Pero, a diferencia del judaísmo, cuyo componente nacionalista se circunscribe al Estado de Israel, el islam no se concentra en un solo país y no en todos se identifica de la misma manera con el Estado. En determinados países donde predomina el islamismo se ha extendido su versión más radical, que condiciona un nacionalismo supremacista e impregna la vida social y cultural, además de la política; es el caso de Irán, Afganistán, Arabia Saudí, Emiratos Árabes Unidos –refugio, por cierto, del rey emérito, como acabamos de conocer- y otros, donde, como bien sabemos, las mujeres tienen restringidos la mayor parte de sus derechos, así como los homosexuales, transexuales y, desde luego, cualquier forma de oposición política. Otros países, como Túnez, cuya religión oficial es la musulmana, no imponen tantas restricciones a sus ciudadanos y, a día de hoy, no se puede afirmar que la religión presuponga un nacionalismo excluyente, aunque la sombra del integrismo está muy presente. No en vano, la llamada primavera árabe surgió en este país y acaso sea el único donde de una u otra forma ha perdurado.
Desde los atentados de las Torres Gemelas se ha extendido el fundamentalismo islámico por buena parte de los países de esta religión, como bien sabemos. Estados cuyos gobiernos eran más democráticos, más tolerantes y menos autoritarios, como Turquía o Argelia, se han visto invadidos por corrientes integristas del islam, y sus gobiernos, contaminados.

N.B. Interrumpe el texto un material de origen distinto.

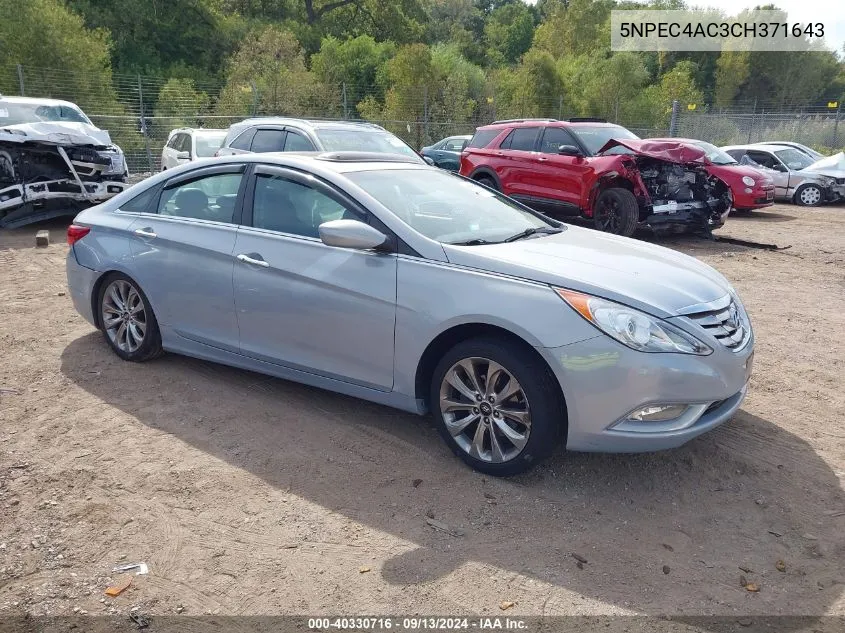 2012 Hyundai Sonata Se VIN: 5NPEC4AC3CH371643 Lot: 40330716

Únicamente los musulmanes cuya vida consista en rezar cinco veces diarias, cumplir estrictamente los 30 días de Ramadán, viajar a la Meca al menos una vez en la vida, donar dinero para la construcción de una mezquita, hacer la Guerra Santa (yihad), bien espiritualmente o con las armas, o dar limosna a los pobres, entre otros preceptos, alcanzarán la vida eterna en el paraíso de Alá.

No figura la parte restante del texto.